Forget you Siri. I don’t want a robot PA. I want a doula.

 

I read an article that said the single best way to win the dinner party (ie make a positive enduring impression) is to ask people what they do for a living, and then say: “That sounds hard.”

Apparently, this social ninja move is the fail-proof opening gambit. Three simple words to bypass tedious small talk! Dive direct into interesting insights! Maybe we are universally wired to obsess over our own struggles? Maybe most members of humankind (at least the first world ones) feel sufficiently under-appreciated in whatever work we’re doing, that given a genuine invitation, we’ll launch into true revelation.

So when I say that motherhood is hard, I’m not saying that fatherhood isn’t, or childlessness isn’t or being a kid isn’t or being a cartoonist or a liftie or the Prime Minister isn’t. I’m not trying to win the Golden Globe for Dinner Party Guest of the Year. I’m just saying there’s a reason when you ask an 8 month pregnant woman, or the toddler-wrangling, infant-wearing, coffee-toting mama, how she is doing, that for a second before she recovers her equanimity you glimpse the whites of her eyes.

Childbirth is daunting. Motherhood is strange and complicated and high-stakes. Change is hard, and the almighty transition from being childless to having a completely-and-utterly-messily-and-noisily-dependent is dizzyingly hard, too.

But then, so is everything worthwhile.

And there are always ways to make the hard stuff easier.

Ask a doula.

That’s their job description, after all.

My friend, Christine Spierings, an early childhood educator and mama of two, is now a birth and postpartum doula.

A doula is a caregiver, from the ancient Greek word for “woman who assists”, whose role is to support a woman in labour – to take care of the mama-becoming, and her partner (to make sure he/she is taking care of the mama-becoming too), as she does the remarkable work for bringing a little being into the world.

Says Spierings simply, the number one requirement of her work is “to not let the mum feel sorry for herself.”

Added bonus: a really awesome doula will make the partner parent look like a hero, a role they’re about to be called upon to play with alarming regularity.

“I didn’t know what I was going into,” remembers Spierings, about having her first child sixteen years ago, “I went to pre-natal classes and I kinda listened. But I basically went into hospital and curled up on the bed in the foetal position. I didn’t really walk much, I didn’t do anything and I had a really long labour. Whereas now I know, the more you stand up and the more you move, you’re allowing gravity to work for you and the movement is helping your pelvis adjust and let the baby move through.”

In other words, it was hard, and it could have been easier.

Cue Spierings’ career change. Plus, she loved being pregnant. She loves babies. And she can imagine herself, even in her 70s, jumping in the car and whipping down the highway to meet a client at the hospital.
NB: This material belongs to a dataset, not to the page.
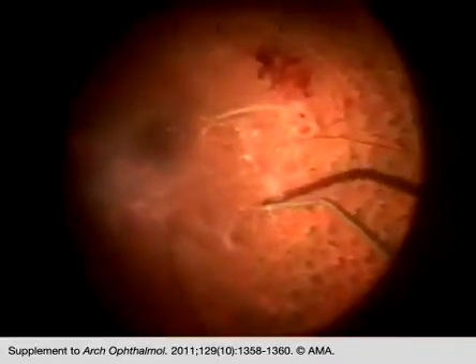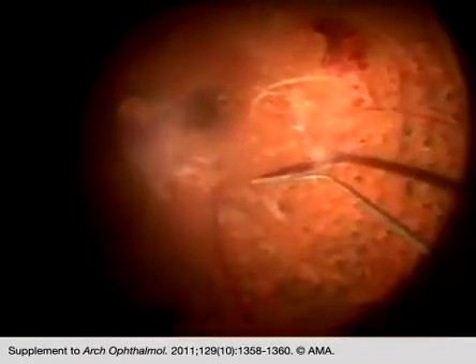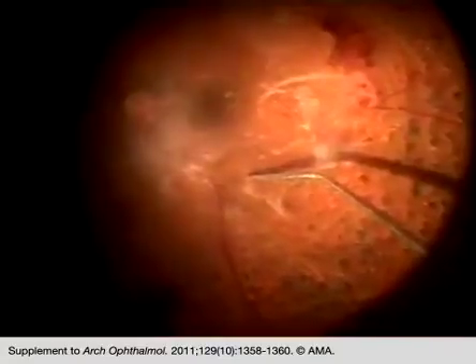Here we see how we can separate the vascularized posterior hyaloid face from the retinal surface, allowing us to perform a safe and careful dissection.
Coaching a woman through the birth experience is one reason she’s also just trained as a Dancing for Birth instructor – and is offering a 5 week program at the Community Centre for expectant and new mamas.
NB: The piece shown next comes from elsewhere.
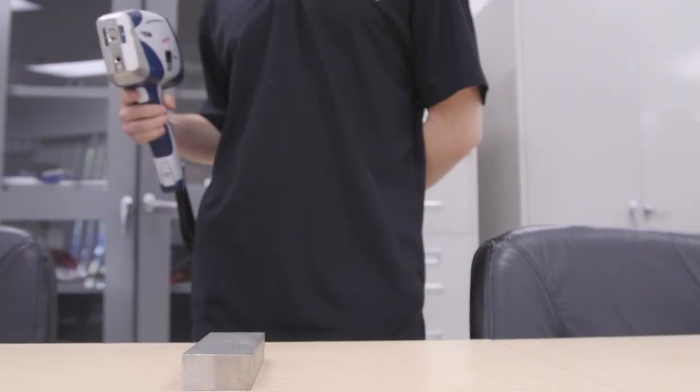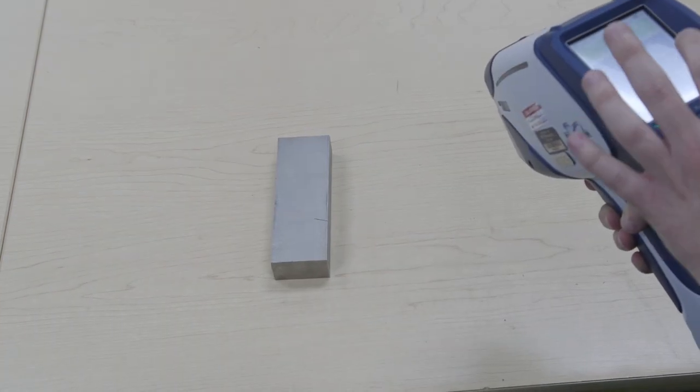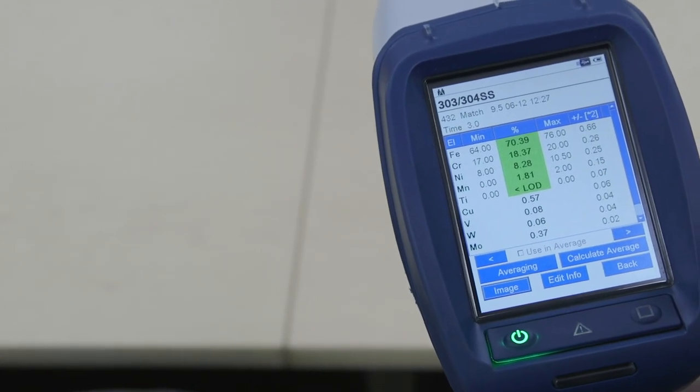The results from the XRF gun give us a table of elemental composition and allow us to positively identify a material, which helps us determine laser processing parameters. We can inspect these parts at a macro level as well as at a micro level, getting very detailed information in terms of anything that the laser may be doing to the samples.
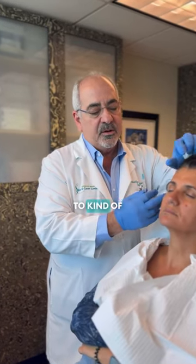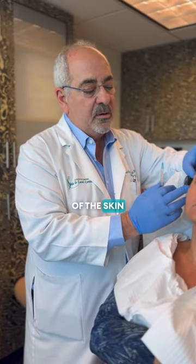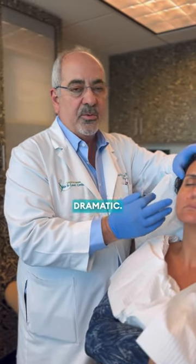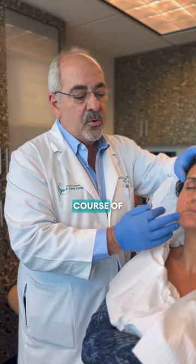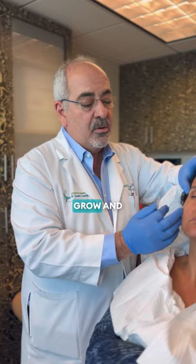The concept is to restore her youthful look, restore the texture and the volume of the skin without making it so dramatic. It's a slow process that over the course of the next two to three months, as we do the transition, we'll continue to grow and improve.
“It’s not all dancing,” says Spierings. “It’s gathering and sharing in a safe comfortable space. Getting to know your peers, having the change to talk about your discomforts, apprehensions, changes, what’s going well for you, stretching, collecting yourself, relaxation, breathing. Then you get up and dance – Latin inspired, afro, belly dancing, all types – but mostly it’s about movement so you can create habits you can take in to the delivery room. The more you create healthy habits – movement and mental calm – before you have the baby, the calmer you’ll be in delivery. A lot of women like to be in control. And when you’re going into labour, you are not in control. You have to let go and be open to what’s unfolding.”

Doula-assisted births tend to result in shorter labours with fewer complications and medical interventions – statistically proven outcomes that prompted the First Nations Health Authority to recent funding doula services for Aboriginal families in BC through a special grant program.

Currently, doula services are not covered through the public health system, although some insurers, including Sun Life, are started to offering coverage.

Not Letting Mamas Feel Sorry For Themselves is a skillset that would be welcome well beyond the delivery room.

Me and my friends have sometimes joked that we each need a wife, in order to get it all done. But maybe we need a world with more doulas. Or a world, as Anne-Marie Slaughter is saying, that truly values the work of care giving.

I wouldn’t mind a life doula. Job description: prevent me from feeling sorry for myself, believe deeply in my capacity to do the hardest things imaginable, offer massages at the perfectly right time, know a few good dance moves to bust out in times of duress, and remind me that women’s bodies are mysterious, powerful and nothing to be ashamed of.

But before we manifest a world in which there are food doulas for new parents, back to work doulas to help keep the wheels on after the one year maternity leave is up, death doulas to help guide the terminally ill, and wise caring coaches to rumble us through all life transitions with a combo of compassion, tough-talk and dance moves, let’s at least make it commonplace to have a doula or midwife appear at every person’s original birthday.